SUPPLIED INFORMATION:

<<<<

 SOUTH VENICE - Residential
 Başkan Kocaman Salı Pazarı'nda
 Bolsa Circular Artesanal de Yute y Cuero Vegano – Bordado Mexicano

>>>>

ACTION ITEM: When you answer, retype all of the material exactly as it appears above.

RESPONSE AREA:
 SOUTH VENICE - Residential
 Başkan Kocaman Salı Pazarı'nda
 Bolsa Circular Artesanal de Yute y Cuero Vegano – Bordado Mexicano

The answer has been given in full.